La volte-face de Martin Fourcade rebat complètement les cartes de la présidence du Cojo. Les prétendants ne sont pas légion. A l’origine, deux autres personnes s’étaient officiellement portées candidats avec Fourcade : l’ancien biathlète Vincent Jay soutenu par Wauquiez, et la championne de ski acrobatique Marie Martinod. «Ils sont toujours dans la course mais ils ont été rejoints par quelques autres», informe Renaud Muselier. «Aujourd’hui, à partir du moment où Martin n’est plus là, y a des gens qui veulent s’inscrire dans un collectif et avancer en la matière.» Sans donner de noms pour autant.

Plusieurs articles de presse font également part d’un éventuel duo composé d’une personne issue du mouvement sportif accompagnée de Michel Barnier – un poste que ce dernier a déjà occupé lors des précédents Jeux d’Albertville 1992.

L’annonce du prochain Tony Estanguet version hiver pourrait être faite à l’occasion de l’Assemblée générale constitutive du Cojo, le 18 février. Une date confirmée par la ministre des Sports, Marie Barsacq. Renaud Muselier confirme la «validation de l’organisation structurelle du Cojo», et l’annonce de l’identité de son directeur général. «On n’aura peut-être pas la réponse de la Haute autorité pour la transparence de la vie publique sur les nouvelles personnalités, mais on y verra beaucoup plus clair», glisse en revanche le patron de Paca.

Quelles conséquences pour l’organisation des JO ?

Son renoncement n’arrange à l’évidence personne, et complexifie un dossier olympique déjà bien épineux depuis que la France a vu son dossier - pourtant léger - accepté l’été dernier, faute d’autres candidatures solides.

Avant le couac Fourcade, le dossier alpin avançait déjà au ralenti, notamment en raison de la crise politique française. La valse des Premier ministres et la censure ont empêché de voter le budget, qui contient la garantie financière de l’État en cas d’annulation des JO. Le CIO a donné sa deadline pour mars.
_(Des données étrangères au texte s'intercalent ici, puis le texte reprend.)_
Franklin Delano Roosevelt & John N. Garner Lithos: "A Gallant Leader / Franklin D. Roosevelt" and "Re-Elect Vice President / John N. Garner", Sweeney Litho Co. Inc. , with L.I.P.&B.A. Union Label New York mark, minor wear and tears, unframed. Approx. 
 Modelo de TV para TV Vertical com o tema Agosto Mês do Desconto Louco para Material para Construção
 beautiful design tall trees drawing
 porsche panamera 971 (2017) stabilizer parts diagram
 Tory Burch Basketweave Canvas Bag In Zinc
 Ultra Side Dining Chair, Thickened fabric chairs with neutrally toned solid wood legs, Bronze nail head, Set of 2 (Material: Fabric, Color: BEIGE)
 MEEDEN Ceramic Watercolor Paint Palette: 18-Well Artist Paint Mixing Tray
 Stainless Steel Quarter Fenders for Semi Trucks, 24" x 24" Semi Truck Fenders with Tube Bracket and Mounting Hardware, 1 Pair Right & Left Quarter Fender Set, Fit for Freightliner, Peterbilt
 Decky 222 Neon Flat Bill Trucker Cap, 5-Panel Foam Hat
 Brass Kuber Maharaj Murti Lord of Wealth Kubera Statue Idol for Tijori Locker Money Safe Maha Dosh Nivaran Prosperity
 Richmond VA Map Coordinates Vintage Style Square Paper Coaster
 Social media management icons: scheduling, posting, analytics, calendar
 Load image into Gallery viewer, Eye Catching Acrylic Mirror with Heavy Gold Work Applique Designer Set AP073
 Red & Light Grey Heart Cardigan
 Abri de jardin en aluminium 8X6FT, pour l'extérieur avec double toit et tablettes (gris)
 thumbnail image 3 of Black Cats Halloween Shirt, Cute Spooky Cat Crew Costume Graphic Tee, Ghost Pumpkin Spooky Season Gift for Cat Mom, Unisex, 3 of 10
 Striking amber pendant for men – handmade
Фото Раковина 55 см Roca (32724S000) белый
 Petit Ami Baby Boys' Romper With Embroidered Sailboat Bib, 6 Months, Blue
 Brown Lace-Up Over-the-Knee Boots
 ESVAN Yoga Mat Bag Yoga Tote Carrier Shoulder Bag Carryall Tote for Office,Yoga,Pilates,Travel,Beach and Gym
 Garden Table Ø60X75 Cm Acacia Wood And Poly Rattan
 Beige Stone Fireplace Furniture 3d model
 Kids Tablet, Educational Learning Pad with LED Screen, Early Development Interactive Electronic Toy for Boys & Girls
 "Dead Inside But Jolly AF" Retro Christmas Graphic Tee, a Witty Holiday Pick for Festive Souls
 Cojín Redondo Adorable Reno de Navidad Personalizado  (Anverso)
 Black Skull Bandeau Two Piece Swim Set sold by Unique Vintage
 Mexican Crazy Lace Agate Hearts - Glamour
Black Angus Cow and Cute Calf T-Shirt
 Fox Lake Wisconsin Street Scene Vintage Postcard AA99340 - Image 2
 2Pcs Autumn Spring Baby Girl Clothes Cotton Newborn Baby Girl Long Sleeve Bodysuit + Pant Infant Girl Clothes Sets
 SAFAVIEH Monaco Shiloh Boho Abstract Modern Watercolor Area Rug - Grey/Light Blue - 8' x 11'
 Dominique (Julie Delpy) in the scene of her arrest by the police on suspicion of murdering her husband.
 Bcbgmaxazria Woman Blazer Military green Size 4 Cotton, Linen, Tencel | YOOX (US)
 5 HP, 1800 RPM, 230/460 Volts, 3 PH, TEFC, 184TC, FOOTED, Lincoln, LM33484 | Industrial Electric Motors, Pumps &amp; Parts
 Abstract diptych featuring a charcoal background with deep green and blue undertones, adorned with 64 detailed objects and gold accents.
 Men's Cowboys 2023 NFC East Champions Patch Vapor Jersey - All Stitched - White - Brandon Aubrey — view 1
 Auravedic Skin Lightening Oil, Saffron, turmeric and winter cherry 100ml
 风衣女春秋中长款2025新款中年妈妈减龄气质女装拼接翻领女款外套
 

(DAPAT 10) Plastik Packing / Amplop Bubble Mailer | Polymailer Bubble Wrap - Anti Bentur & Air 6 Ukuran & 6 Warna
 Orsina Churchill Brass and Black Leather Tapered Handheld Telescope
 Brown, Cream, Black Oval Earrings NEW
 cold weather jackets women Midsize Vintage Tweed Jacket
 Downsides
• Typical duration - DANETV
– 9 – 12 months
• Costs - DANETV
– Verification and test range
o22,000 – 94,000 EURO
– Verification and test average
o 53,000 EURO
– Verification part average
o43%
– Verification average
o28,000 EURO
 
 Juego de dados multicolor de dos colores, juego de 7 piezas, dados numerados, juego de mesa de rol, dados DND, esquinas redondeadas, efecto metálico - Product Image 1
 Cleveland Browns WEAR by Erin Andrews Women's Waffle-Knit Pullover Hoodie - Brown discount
Sont aussi dans la balance budgétaire les 9 premiers millions d’euros accordés à la future société de livraison des ouvrages olympiques (Solideo) sur les 20 prévus, selon un amendement du gouvernement.

A cinq ans pile de l’événement, de nombreux projets de construction demeurent en suspens, et bon nombre d’élus locaux commencent à s’impatienter. Une ville comme Val-d’Isère ne sait toujours pas si elle est retenue comme site de compétition. Or le temps commence sérieusement à presser.

Mis à jour : à 18 h 30 avec les déclarations de Renaud Muselier.